I get a lot of questions about Pure Protein because it’s one of those brands that you commonly see at retailers like Walmart or Target.  

After buying a bottle and trying it for a month, here’s my honest opinion: I wasn’t a big fan of Pure Protein. 

I was able to find other protein brands that surpassed Pure Protein in nearly every single category (taste, quality, mixability, protein percentage), and at a better price point. 

Key Takeaways

  • Pure Protein contains around 62 percent protein per scoop, but at nearly $2.00 per serving, it is twice the cost of other protein powders that have 90% protein percentage. 
  • Pure Protein contains 6+ additives like thickeners and gums. Whereas similar tasting proteins have been able to do this with less than half the additives.  In other words, it’s not a very ‘natural’ product.
  • If you like a thicker protein, Pure Protein did that well.  It also blended easily into coffee, smoothies, and other recipes. 
  • Overall, there are just better protein powders out there.  The only reason to buy it is convenience if you’re already walking through the aisles at Walmart or Target.  

Overall Rating: 3.0/5

Pure Protein Powder chocolate
Pure Protein Powder chocolate

Overview

  • Pure Protein whey is a blend of whey concentrate and whey isolate offering 160 calories per serving.

Features

  • Pure Protein is available in a wide variety of retailers like Walmart, Walgreens, and Target.
  • If you like a thicker protein, Pure Protein did that well.  It also blended easily into coffee, smoothies, and other recipes. 

Best For

  • Someone who hates online shopping

About Pure Protein 

Pure Protein is a definite supermarket brand, with its products lining the shelves of stores like Costco, Target, and Walmart. 

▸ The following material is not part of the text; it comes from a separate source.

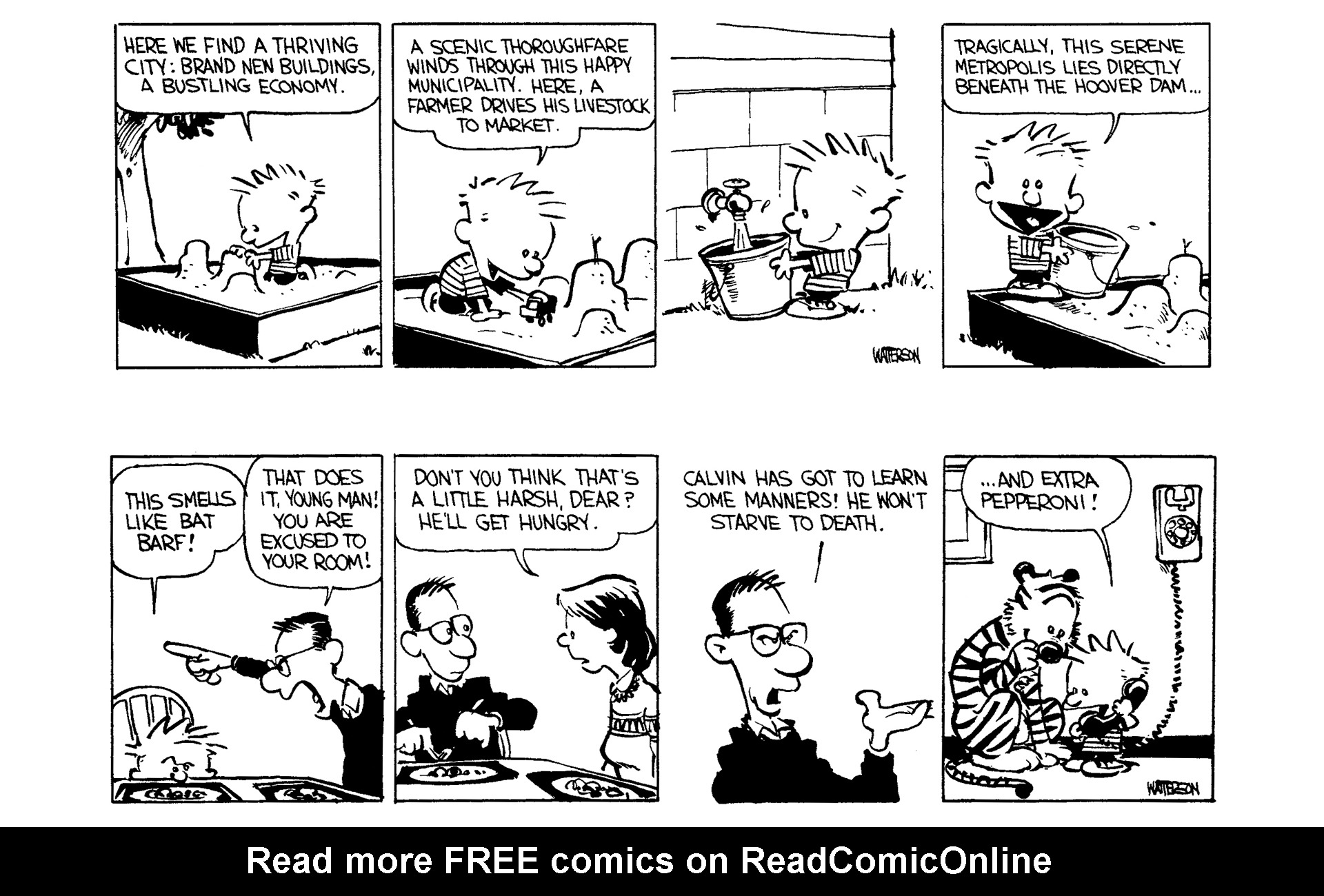 Read online Calvin and Hobbes comic -  Issue #1 - 11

This can be a great thing because it means that the product is highly accessible to most individuals without having to buy online and pay more money for shipping or wait longer for your product to arrive. 

Pure Protein offers whey protein powder (the product that we are reviewing here), but they also offer ready to drink shakes, protein bars, and a selection of salty protein snacks like crackers.

Despite being active on social media, there isn’t a lot of extra content on their website in the way that we’ve seen other supermarket brands like Premier Protein have. Their lifestyle section offers a total of 3 recipes and 2 lifestyle articles. 

These articles and recipes are not dated, so I don’t know if this is something they’ve just started (which would explain why there is so little as far as content) or if this is something they tried in the past and gave up on.

Overview of Pure Protein Whey

Pure Protein whey is a blend of whey concentrate and whey isolate offering 160 calories per serving. 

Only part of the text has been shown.